Perforations are provided through the casing and cement sheath
adjacent the subsurface formation.
Fluids, such as oil or gas, are produced through these perforations
into the well. These produced fluids may carry entrained therein
sand, particularly when the subsurface formation is an
unconsolidated formation. Produced sand is undesirable for many
reasons. It is abrasive to components found within the well, such
as tubing, pumps and valves, and must be removed from the produced
fluids at the surface. Further, the produced sand may partially or
completely clog the well, substantially inhibiting production,
thereby making necessary an expensive workover. In addition, sand
flowing from the subsurface formation may leave therein a cavity
which may result in caving of the formation and collapse of the
casing.
In order to limit sand production, various techniques have been
employed for preventing formation sands from entering the
production stream. One such technique, commonly termed "gravel
packing", involves the forming of a gravel pack in the well
adjacent the entire portion of the formation exposed to the well to
form a gravel filter. In a cased perforated well, the gravel may be
placed inside the casing adjacent the perforations to form an
inside-the-casing gravel pack or may be placed outside the casing
and adjacent the formation or may be placed both inside and outside
the casing. Various such conventional gravel packing techniques are
described in U.S. Pat. Nos. 3,434,540; 3,708,013; 3,756,318; and
3,983,941. These patents are incorporated by reference herein. Such
conventional gravel packing techniques have generally been
successful in controlling the flow of sand from the formation into
the well.
In U.S. Pat. No. 4,378,845, there is disclosed a special hydraulic
fracturing technique which incorporates the gravel packing sand
into the fracturing fluid. This patent is incorporated by reference
herein. Normal hydraulic fracturing techniques include injecting a
fracturing fluid ("frac fluid") under pressure into the surrounding
formation, permitting the well to remain shut in long enough to
allow decomposition or "break-back" of the cross-linked gel of the
fracturing fluid, and removing the fracturing fluid to thereby
stimulate production from the well. Such a fracturing method is
effective at placing well sorted sand in vertically oriented
fractures. The preferred sand for use in the fracturing fluid is
the same sand which would have been selected, as described above,
for constructing a gravel pack in the subject pay zone in
accordance with prior art techniques. Normally, 20-40 mesh sand
will be used; however, depending upon the nature of the particular
formation to be subjected to the present treatment, 40-60 or 12-20
mesh sand may be used in the fracturing fluid.

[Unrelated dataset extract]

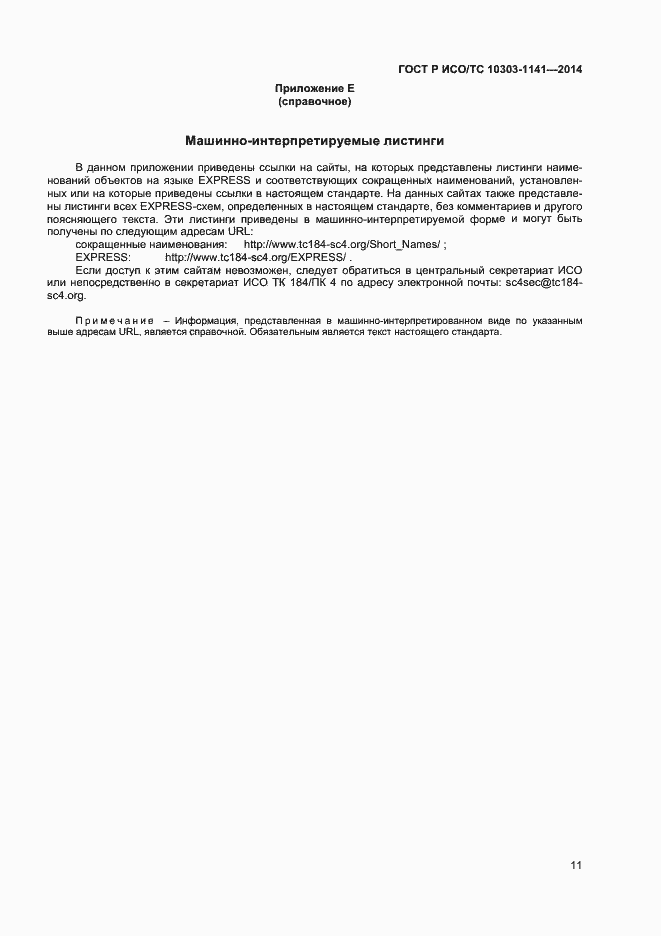 Страница 14 ГОСТ Р ИСО/ТС 10303-1141-2014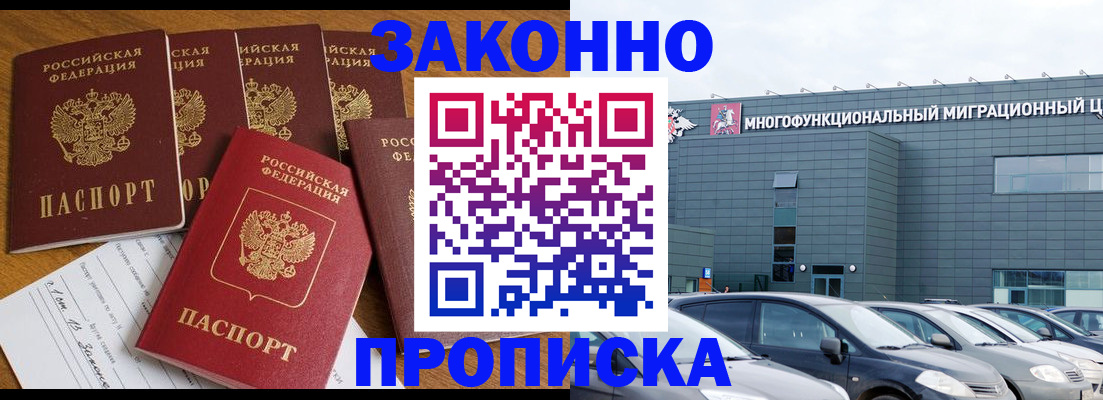 прописка в квартире в Звенигово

Use of either a gravel pack or a hydraulic fracturing technique
with a proppant therein generally provides for sand control as well
as removing a desired amount of hydrocarbonaceous fluids from a
reservoir. Sometimes too much sand is produced so as to reduce the
flow of hydrocarbonaceous fluids into said reservoir. This
necessitates additional fracturing, cleaning or removing the gravel
pack. Also, when fracturing with a sand proppant, sometimes sand
does not fill each perforation which allows sand to enter the
well.
Fracturing through deviated wells can produce a fracture which
follows the wellbore perforations and then curves away which
prevents a sand proppant from entering the perforation. Since the
sand proppant has not entered some perforations, formation sand
will not be prevented from entering the well with other
hydrocarbonaceous fluids.
Therefore, what is needed is a method which will assure removal of
formation sand from hydrocarbonaceous fluids while producing said
fluids in a desired quantity.
SUMMARY OF THE INVENTION
This invention is directed to a method for improving the
effectiveness of a gravel pack within an unconsolidated or loosely
consolidated hydrocarbonaceous fluid containing formation or
reservoir. In the practice of this invention, a wellbore is
perforated in a manner sufficient to create a hydraulic fracture of
the size and length sufficient to produce hydrocarbonaceous fluids
from a formation. The wellbore is then hydraulically fractured with
a viscous fracturing fluid which has a proppant therein sufficient
to prop said formation while preventing the entry of formation
fines into the wellbore. Thereafter, the wellbore is gravel packed
so as to form a screen with the gravel therein. The gravel is of a
size sufficient to exclude formation fines. The gravel is also of a
size smaller than that used to prop the created fracture. Plugging
of the gravel pack is thus minimized due to a larger proppant being
used in the fracture. Utilization of this method creates a high
conductivity fracture which allows substantially more drainage of
the formation and a sustained production of hydrocarbonaceous
fluids with enhanced removal of formation fines from said
fluids.
It is therefore an object of this invention to provide for a better
gravel screen in the formation by the utilization of a proppant of
a size larger than the size of the gravel used in a gravel
pack.
It is another object of this invention to use a proppant in the
fracture which is of a size greater than the proppant used in the
gravel pack so as to make the fracture be less acceptable to
plugging than if a smaller size proppant is used.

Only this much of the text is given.